Great reps “wallow in the pain”—not in a negative way, but in a disciplined, curious way where you resist the urge to move too quickly to solutions. Instead of uncovering one or two issues and jumping to how you can help, these great reps ask questions that help them really understand what’s sitting below the waterline.
This is what I’ve talked about before as “filling the bucket.”
It’s not about finding a problem—it’s about uncovering the system of problems, how they connect, and what they are actually costing the business and the people inside it. The best sellers I work with stay in that space longer than feels comfortable. They keep asking, keep connecting dots, and keep building the case for change before ever trying to solve anything.
Because what’s under the surface—the operational drag, the financial impact, the risk to customers, the personal pressure on the buyer—that’s where a real reason to change lives.
People don’t change unless there is a reason to. “This looks better,” or “we’d like to try this,” won’t make them change, at least not with any kind of timeline attached to it.
A Second Mistake
When reps struggle with uncovering enough pain to build a business case for change, they often make a second mistake, too.
When deals slow down, the instinct is to push harder—add a discount, create a deadline, or ask what it would take to close this quarter. It feels proactive, but it usually has the opposite effect. Buyers recognize manufactured urgency immediately and, instead of moving forward, step back.
What you end up with are longer sales cycles, lower conversion rates, and a pipeline full of deals that require constant “staying in touch” with no real movement.
Even worse, it chips away at credibility. When you try to close without a compelling reason for the buyer to act, you don’t come across as a trusted advisor—you come across as a sales rep who needs to sell something.
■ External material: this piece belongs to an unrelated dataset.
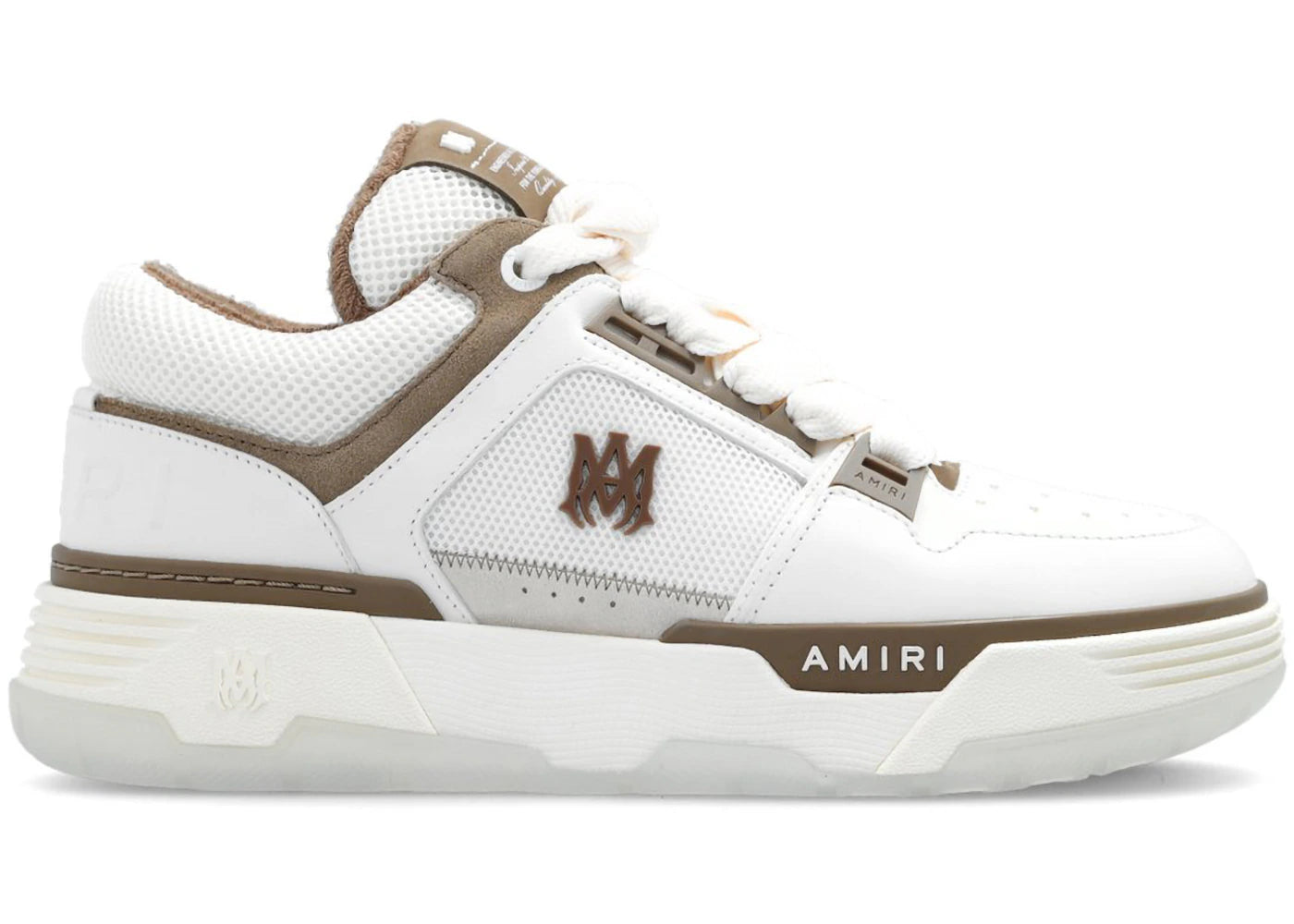 Amiri Ma-1 White Chamoisee Brown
Real urgency feels very different.
It shows up when the buyer starts to articulate, in their own words, what it’s costing them to stay where they are—operationally, financially, and personally. That doesn’t come from a well-timed closing question. It comes from doing the work up front to fully understand the problem, its impact, and what happens if nothing changes.
And even then, there’s one more layer that often gets missed.
What’s a “Strong Business Case”?
A strong business case creates interest. Quantified impact creates momentum. But commitment usually comes down to something personal—how the situation affects their success, their team, or their ability to deliver on what they’ve promised to their customers, donors, or students.
If you don’t get there, deals stall, even when everything else makes sense on paper.
The takeaway for me is simple.
Stop trying to create urgency at the end of the process, and spend more time earning it at the beginning. The more time you spend below the surface, the more likely you are to uncover what will actually compel a buyer to act.
And if you’re hearing a lot of “we’ll try this when the time is right,” it’s usually not a closing problem.
It’s a signal that you didn’t dig deeper, didn’t connect problems to impact, and never got past the tip of the iceberg.